Aquellos recuerdos son importantes porque la ilusión de aquel tiempo no es comparable con el concepto de ocio y entretenimiento actual. Había tantas carencias que la Feria significaba lo “más” y la esperábamos con delirio, porque apenas había otra cosa. Ahora todo es distinto, porque en cualquier momento y echando mano al monedero o la visa, la diversión siempre es accesible.
Los espectáculos taurinos siempre tenían su importancia en la Feria. Los vecinos hacían un esfuerzo económico por acudir al coso para ver la realidad de la Fiesta, a la habitual “charlotada” con el Bombero Torero y la banda del Empastre solía acudir un público más femenino e infantil. Algún empresario local, fingiendo generosidad, solía conformar a sus empleados regalándoles la entrada de los toros pero, a la vez, les despojaba de la obligada paga doble del 18 de julio.
Más tarde, cuando el espacio físico de la Feria del Vino se hizo pequeño, el recinto ferial se trasladó al Parque Cervantes.
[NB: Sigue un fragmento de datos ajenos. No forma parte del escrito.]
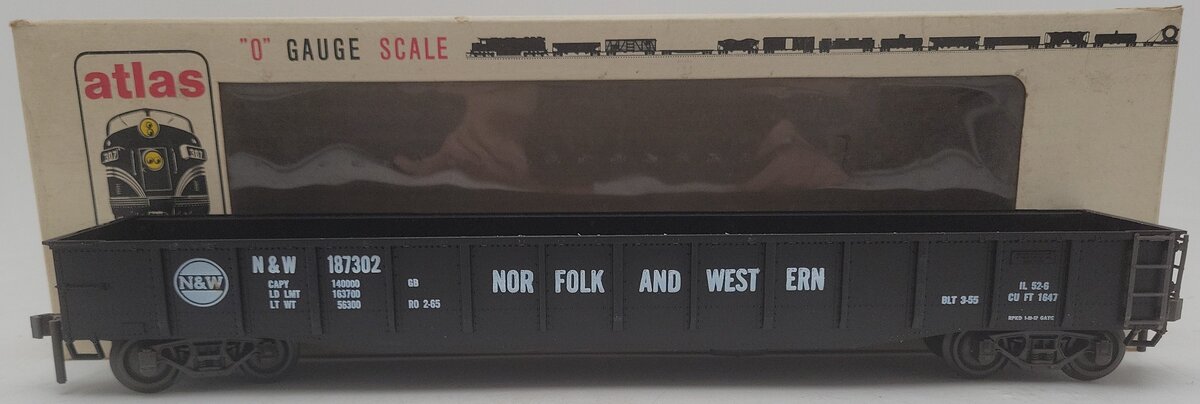 Atlas 6212 O Gauge Norfolk and Western Gondola #187302 (2-Rail) EX/Box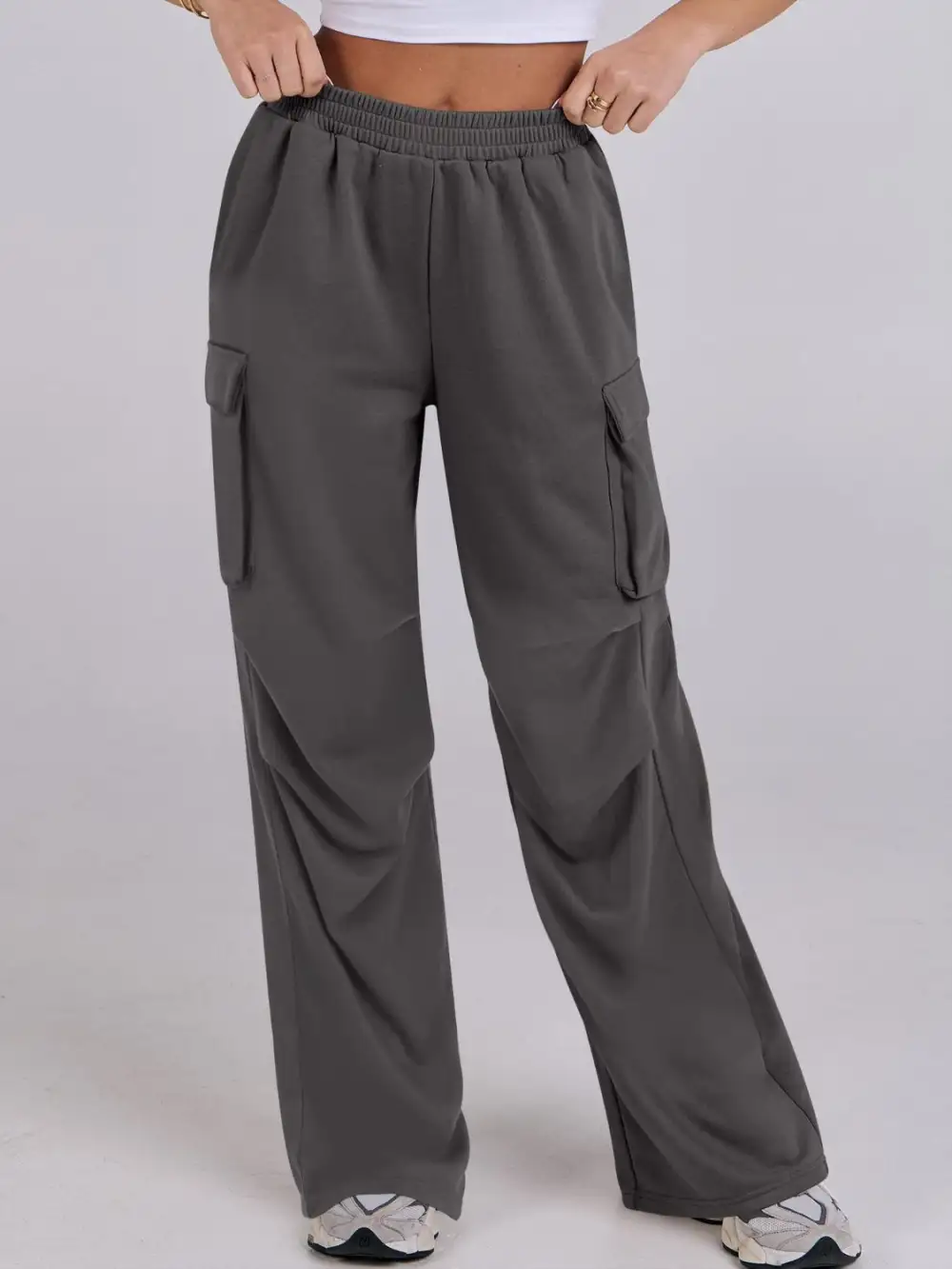 Elastic Waist Wide Leg Pants With Pocket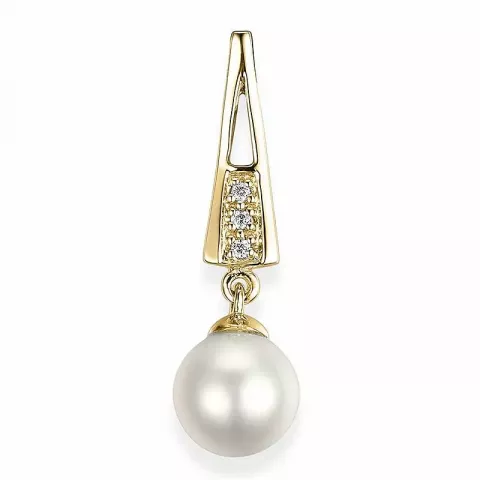 perle diamantanheng i 14 karat gull 0,01 ct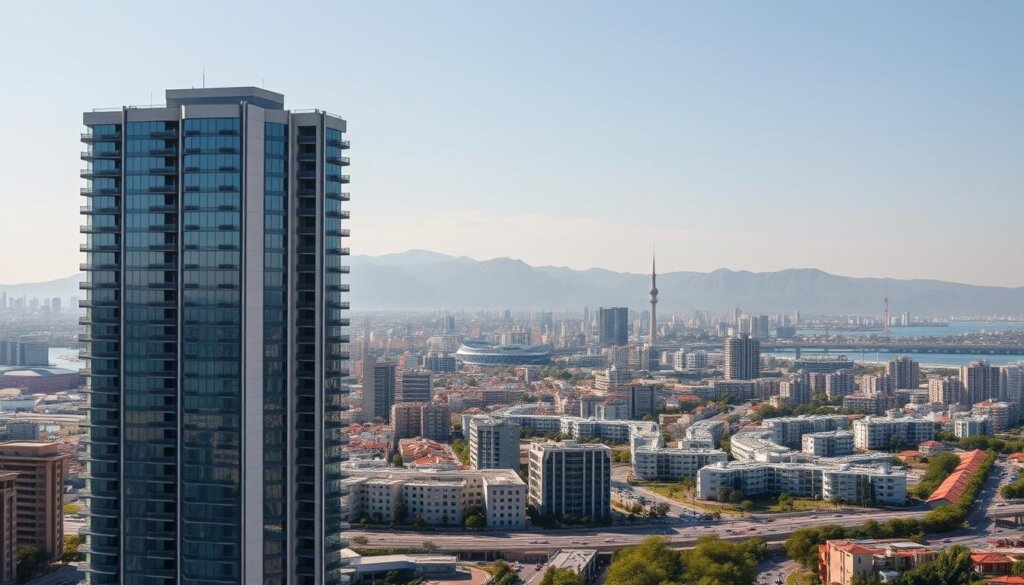 A panoramic view of the vibrant cityscape of Mersin, Turkey, showcasing its bustling real estate landscape. In the foreground, a modern high-rise apartment building stands tall, its sleek glass and steel façade reflecting the warm Mediterranean sun. In the middle ground, a network of well-planned residential developments and commercial complexes dot the landscape, each offering a range of investment opportunities. In the background, the majestic Taurus Mountains rise, providing a scenic backdrop to the city's skyline. The lighting is crisp and natural, capturing the energy and dynamism of this thriving coastal metropolis, making it an ideal destination for savvy real estate investors.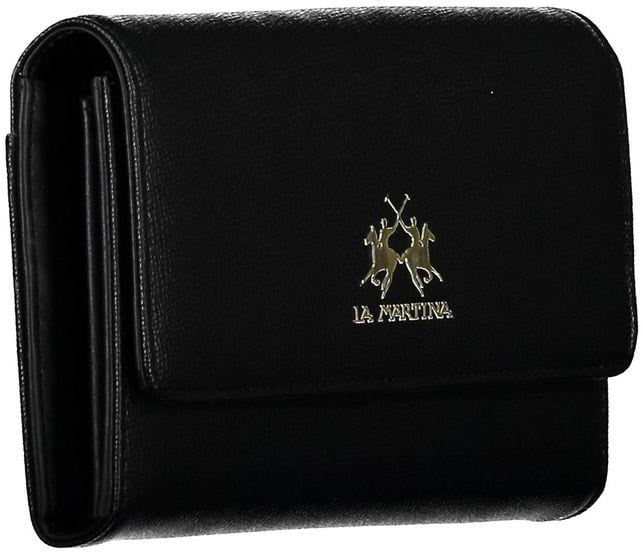 La Martina La Martina Black Polyethylene Women Wallet Zwart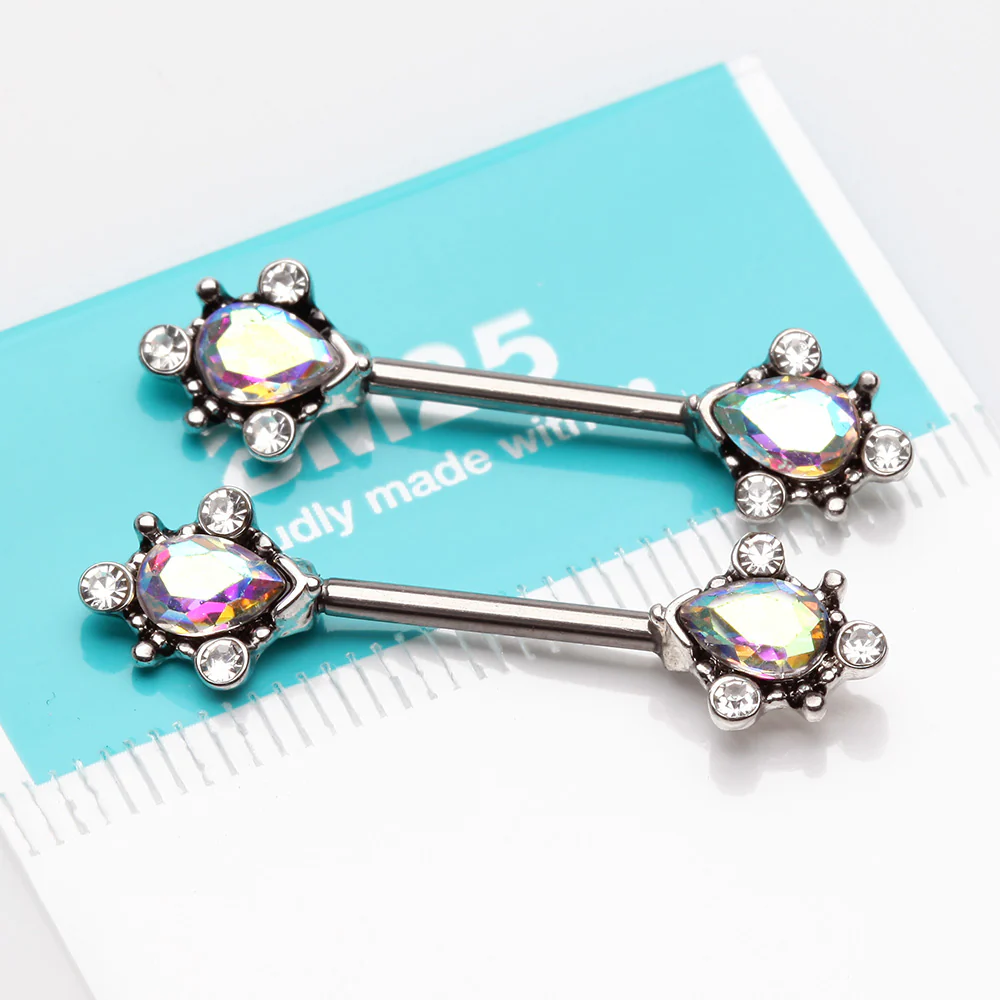 A Pair of Vintage Thorn Filigree Gem Sparkle Nipple Barbell - Image 3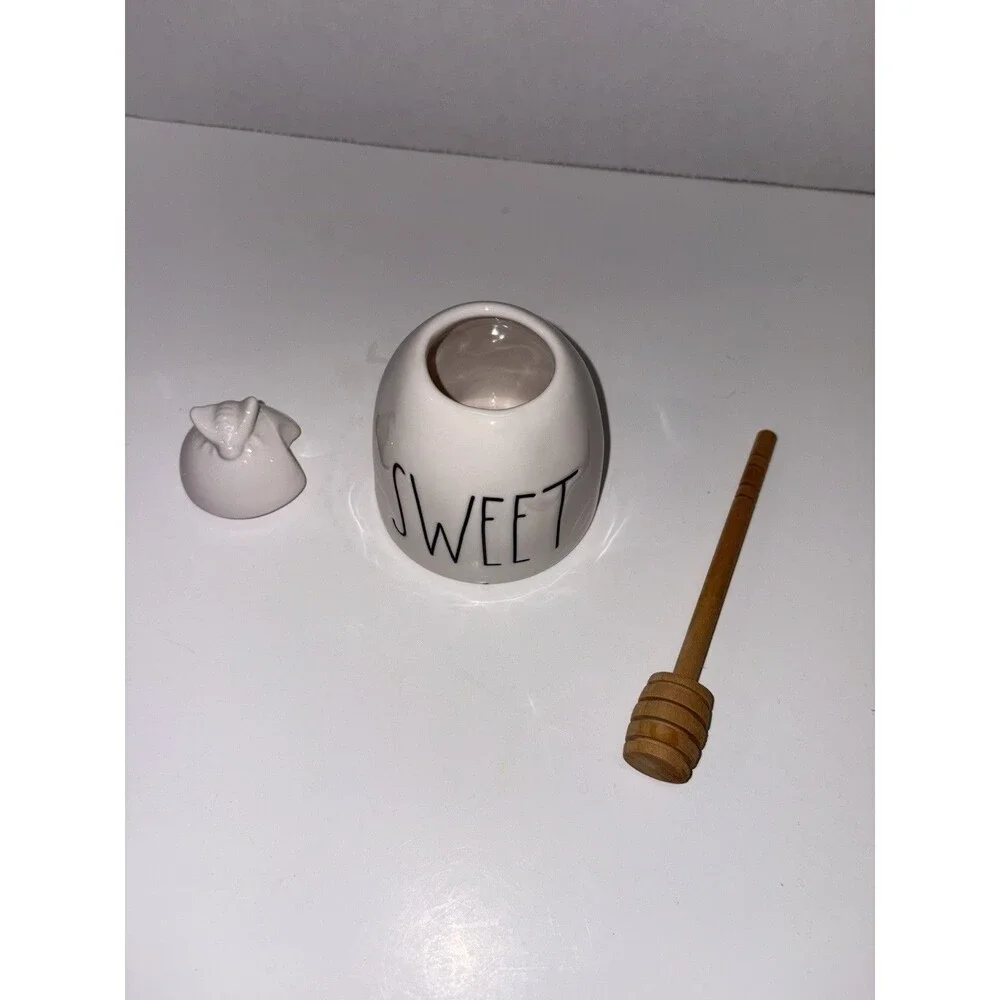 Rae Dunn Honey Pot with Bee Lid & Wooden Dipper Artisan Collection by Magenta 5”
En las décadas de los ochenta y noventa, los que tuvimos que emigrar vivíamos la Feria de otra manera, lejos de nuestra ciudad volvíamos en aquellos días de verano a casa de los padres u otros familiares. Los protagonistas de la diversión ya eran nuestros hijos, el nivel económico había cambiado y los nietos disfrutaban de la generosidad de los abuelos que, al pasar de los años, se habían vuelto magnánimos tratando de compensar tiempos pasados.
A la vuelta y de recogida era posible comerse un pollo asado con patatas fritas y ensalada en el “Trotes”. En aquellos años ya visitaban en concierto los mejores artistas de nuestro país, quedando atrás los espectáculos de los Cantaores en el Cine Parque de verano.
Después, el crecimiento de la ciudad obligó a reubicar el recinto ferial trasladándolo a las afueras y para llegar hasta la zona de “La trilladora” se impuso el coche, teniendo que acondicionar aparcamientos. En esta época ya se empieza a notar el declive de la Feria, los vecinos disfrutan de las vacaciones y se marchan a la playa. El consistorio da un giro en sus políticas y empieza a darle mayor presupuesto a la Fiestas del Vino que, poco a poco, van relegando a la Feria.
Desde hace tiempo se han vuelto a producir otros dos traslados del ferial. Parece que fuese rotando por todos los extremos de la ciudad, pero los cambios de ubicación no terminan de acomodar la popular Feria de Agosto, una celebración que decae año tras año porque la diversión se encuentra en cualquier momento y lugar.
Si por casualidad visito Valdepeñas y coincide con los días feriados, mi divertimento ahora es muy diferente. Alejado del bullicio y el ruido estridente de las músicas de la verbena, suelo reunirme con amigos en alguna plácida terraza y allí, conversar animadamente evocando aquella Feria de mi infancia y juventud, una Feria resumida en palabras claves como: turrón, tómbolas, berenjenas, carrusel y, algunas veces, circo.